Passing the torch
Comparing Drake Miller to Randy Reiners seems only natural these days, given the Dodger senior has been busy rewriting the record books as the most statistically accomplished quarterback in Fort Dodge Senior High football history.
That’s no small feat. Reiners is still, to this day, Dodger royalty. He’s one of the most revered and accomplished athletes in our city’s history, both on paper and in lore.
The brilliance of Reiners on the gridiron always had its due on the school’s passing and touchdown charts. The former University of Iowa signal-caller held the career yardage, single-season yardage, total offense, and both career and single-season touchdown marks for well over 20 years.
Records are made to be broken, though, and Miller is doing so in sweeping fashion.

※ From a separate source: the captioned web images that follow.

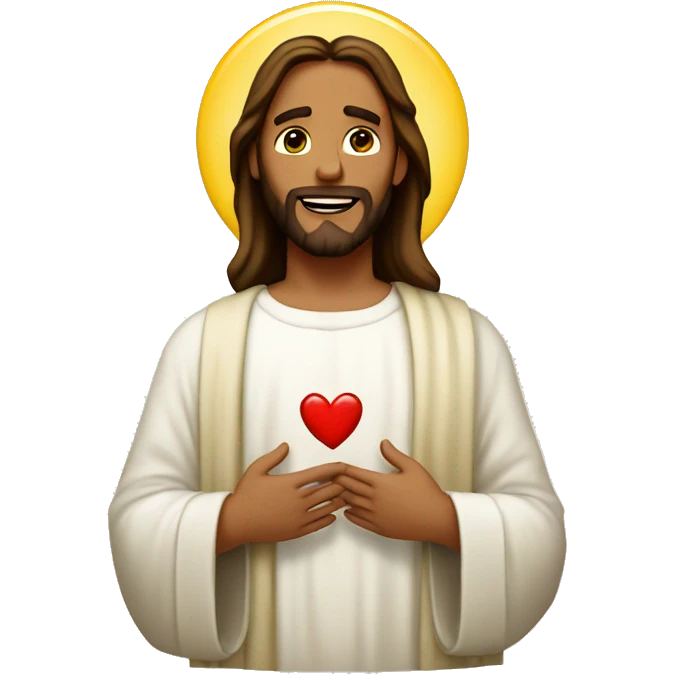Jesus give you a heart emoji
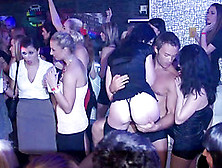 Provocative Pornstars Turn A Club Party Into A Full Swing Orgy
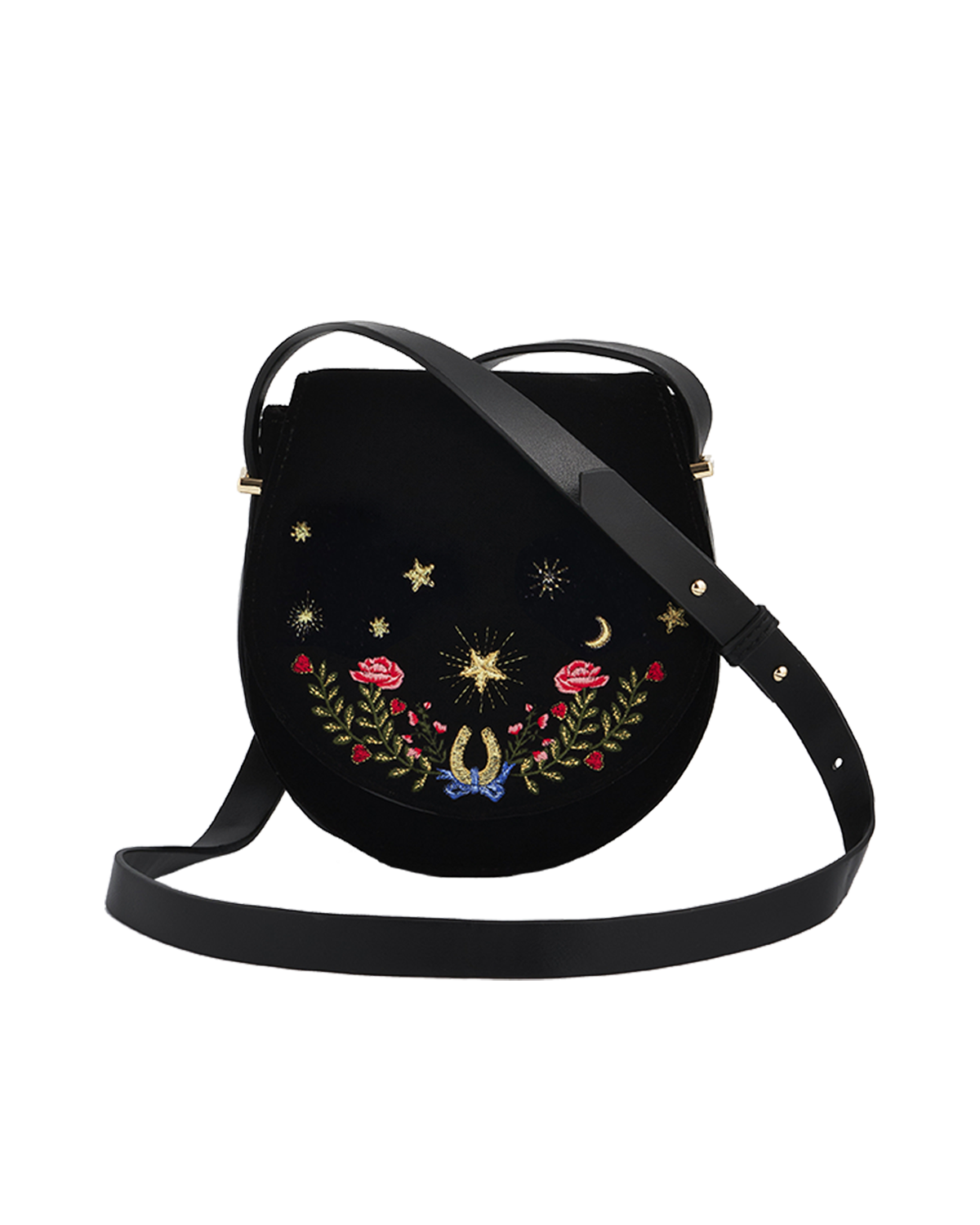 fable-england-kate-saddle-bag-samt-schwarz image 1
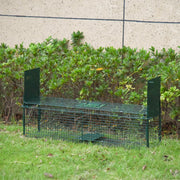 Two-Door Live Trap for Small Animals, Rat and Mice - Dark Green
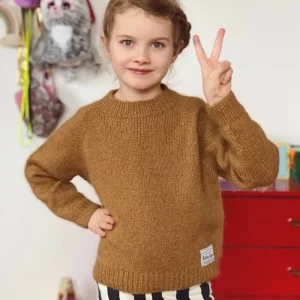 Ingen dikkedarer sweater junior trykt opskrift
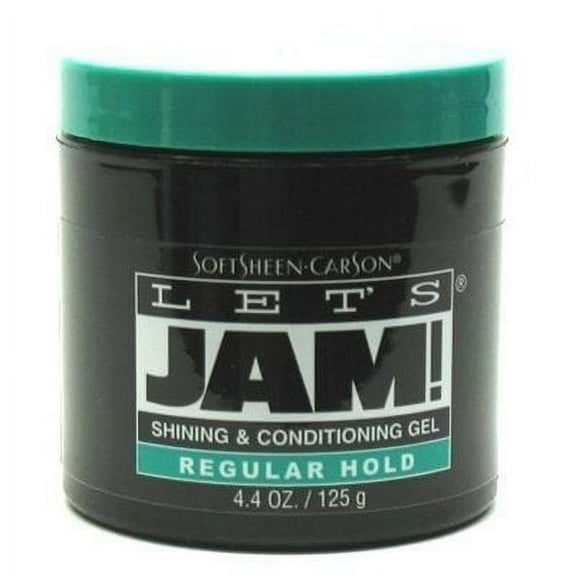 Lets Jam Condition & Shine Gel Regular Hold 4.4 Ounce Jar 130ml 2 Pack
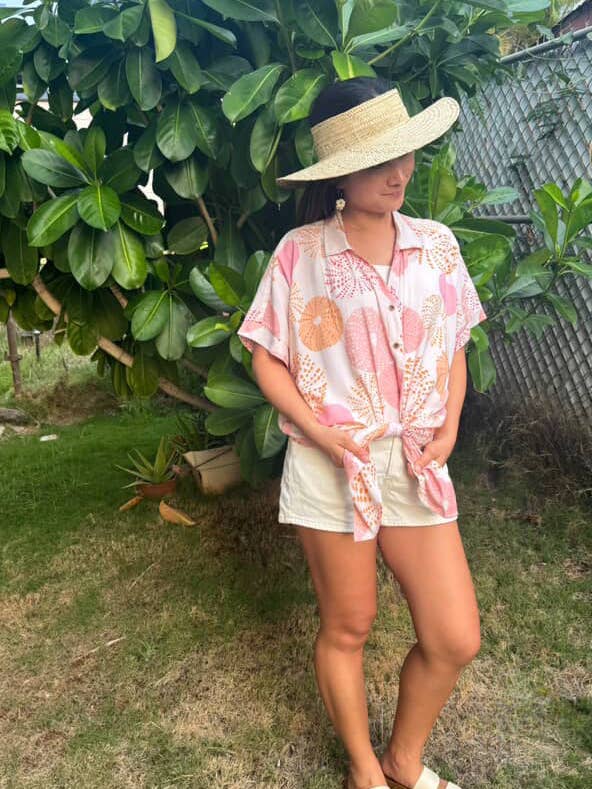 Women’s Oversized Shirt in Urchin Bliss for wholesale by Paradise Now Hawaiʻi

He erased Reiners’ all-time passing number — once thought to be untouchable — last week in Mason City with a methodical 370-yard performance. Reiners threw for 4,385 yards in 28 career starts — over 1,100 ahead of the next best Dodger ever. Miller is now at 4,498 yards, and believe it or not, he’s done so in just 19 starts.

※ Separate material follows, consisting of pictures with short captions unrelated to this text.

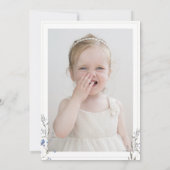 Onederful Floral Coquette Bow Meisje 1e Verjaardag Kaart (Achterkant)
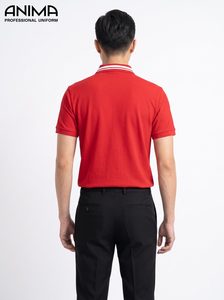 Luxury Premium University Uniform Red Polo Shirt Men Cotton Embroidered <b>Logo</b> - Product Image 3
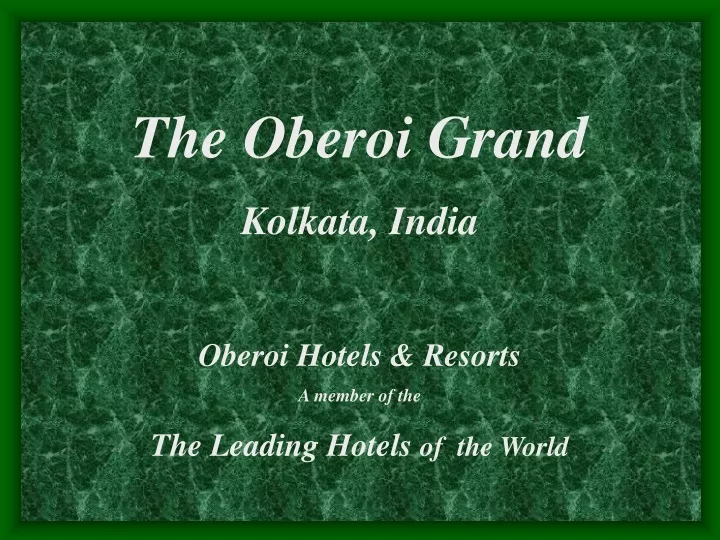 the oberoi grand kolkata india oberoi hotels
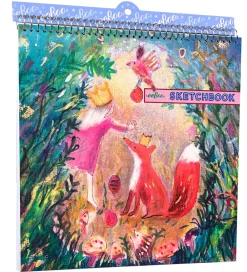 Eeboo Bøger|Malebog>Skitseblok - King Fox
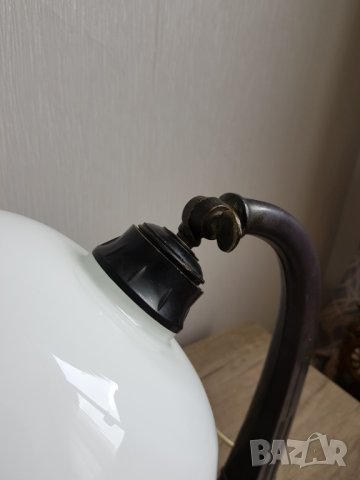 Стара настолна лампа с пепелник, снимка 3 - Антикварни и старинни предмети - 40483551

Miller bested Reiners for single-season yardage (2,340 to 2,235) and career TDs (46 to 39) a year ago as only a junior. Reiners still holds the records for total yards from scrimmage (5,279) and overall touchdowns (72), though Miller is already at 4,747 and 61, respectively, and we’re only a week into his senior campaign.
I’ve been asked a lot recently about how Miller measures up side-by-side with Reiners. Randy was a high school teammate and friend of mine, and I’ve kept track of every pass Drake has thrown. I consider myself lucky to have witnessed almost all of their memorable moments in person.

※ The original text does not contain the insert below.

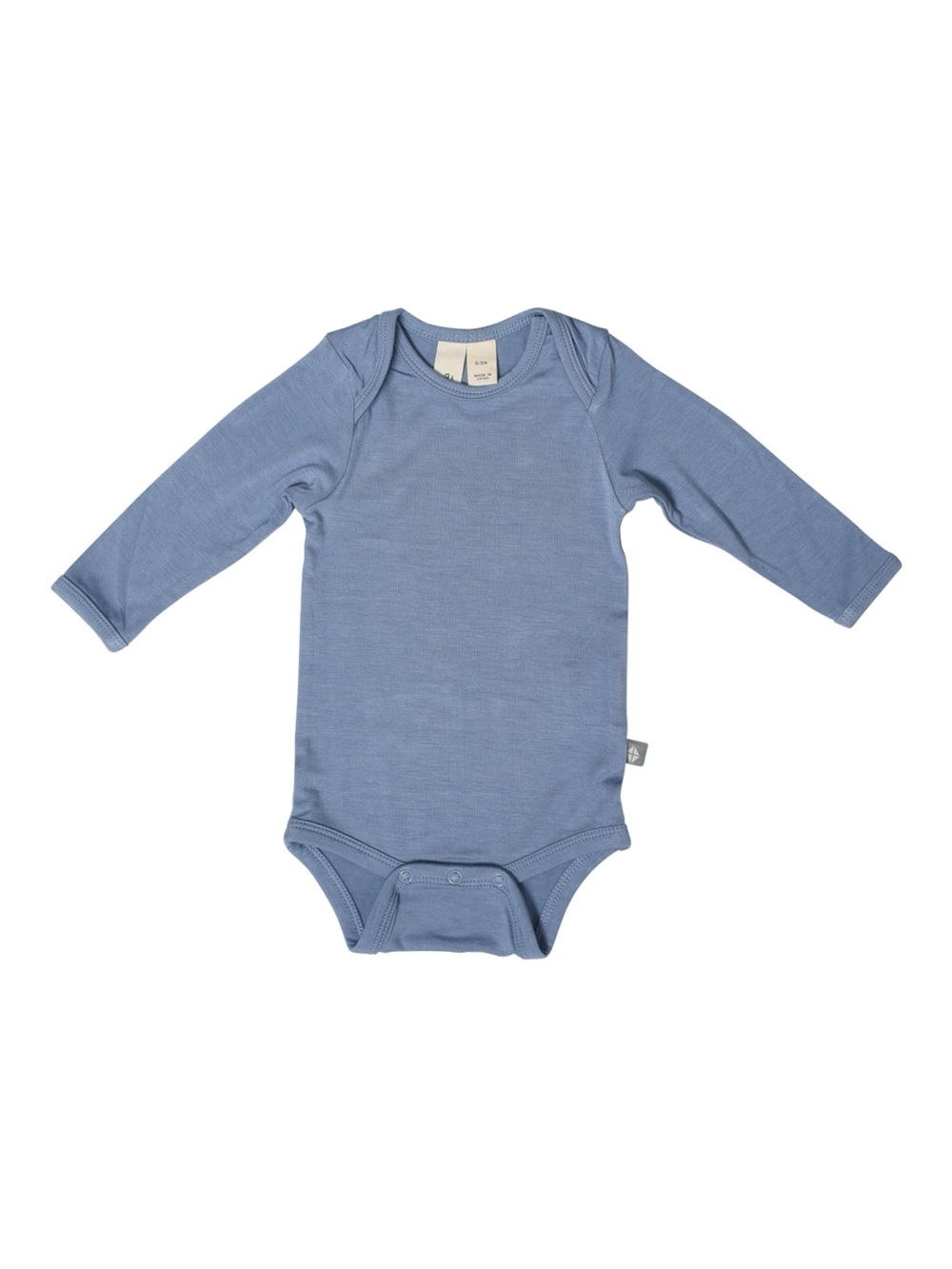 Kyte Baby Long Sleeve Bodysuit, Slate Blue, 3-6M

First, the differences. It’s really difficult to draw parallels, given how much the game has changed in the last quarter-century. While their passing numbers are very similar at this particular juncture, the journey has been much different to get here.
Reiners captained a more free-wheeling offense, using his elite athleticism to improvise and entertain in what was, at the time, a very innovative, futuristic attack under head coach Sam Moser.
By early-November of 1994, Fort Dodge was as good as anyone in Iowa. The six-game stretch of football during Reiners’ senior year — when the Dodgers fought back from a 2-3 record to reach the state quarterfinals — is still some of the most impressive work in school history. Only a heartbreaking playoff loss to West Des Moines Dowling at Valley kept FDSH out of the UNI-Dome for the first — and what would still be the only — time ever.
Miller relies more on pinpoint accuracy, both with his mind and his arm. He reads opposing defenses as well as anyone I’ve seen in a Dodger uniform, and does so with a very even-keeled mentality. Miller has never let a bad throw or mistake beat him twice, and he never tries to do more than what’s in front of him.
Now, the similarities.
Reiners was a fierce, clutch competitor. He loved the challenge of taking what was perceived to be an underdog, rag-tag bunch of Fort Dodge players into battle on the gridiron. He exuded the Dodger way.
Miller is all of the above.
Both Reiners and Miller would hate the fact that I’m singling them out in the first place. Quarterbacks tend to draw a lot of media hype and attention, despite the fact that football is the ultimate team game. Reiners truly believed in his fellow Dodgers, knowing it took a strong offensive line and talented skill players to get the job done.
Miller has the same understanding. Like Reiners, it would be very easy for him to embrace the inevitable glory and high-profile nature of the position. Like Reiners, he’d rather focus on crediting and leaning on the guys around him.
I received texts from both Miller and Reiners this past week. First and foremost, Miller credited his teammates and coaches for overtaking Reiners, who he called “a true Dodger legend.”
A few days later, Reiners fittingly sent a congratulatory text to head coach Matt Miller, Drake, and “most of all, his teammates.”
They come from different eras, and their styles reflect the evolution of the game. At their core, though, Reiners and Miller are mirror images of each other — not necessarily as players, but definitely as Dodgers. And something tells me that, 25 years from now if a future FDSH quarterback surpasses Miller, the message from Drake would be the same as it was from Randy: in football, it takes an entire team to produce a record-breaking individual.